There are three kinds of self-delusion: Unconscious, Historic and Chronic. Unconscious Delusion is the kind of delusion in which a person does not realize or even suspect that he is deluding himself. This often occurs in young people. They have not yet had the experience of being able to look back on an earlier time in their lives and saying to themselves: “From hindsight I can see that I was kidding myself …”
Historic Delusion is the experience of self-recognition that an individual has when he looks back on an earlier point in his life and says to himself: “From hindsight I can see that I was, at that time, deluding myself.” But that is where it stops. In other words, the individual recognizes that he had previously been self-deluded, but he does not believe himself to currently be deluded.
It is actually kind of rare that people reach the stage of Chronic Delusion.
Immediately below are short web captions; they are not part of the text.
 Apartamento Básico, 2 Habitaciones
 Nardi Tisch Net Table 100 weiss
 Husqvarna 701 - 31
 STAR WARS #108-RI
This stage occurs when the individual has passed through Historic Delusion several times, over several different topics. At a certain point, he begins to suspect that his past experiences of Historical Delusion are actually part of a larger pattern – which is that he, himself is chronically prone to convincing himself of the truth of certain things in life – and then realizing that his beliefs were actually mistaken.
Chronic Delusion is kind of freeing – in a way. Since the individual is no longer bound by the prideful insistence that he is right about everything. In this new state of mind he is free to question his fundamental beliefs – and follow the truth wherever it may lead.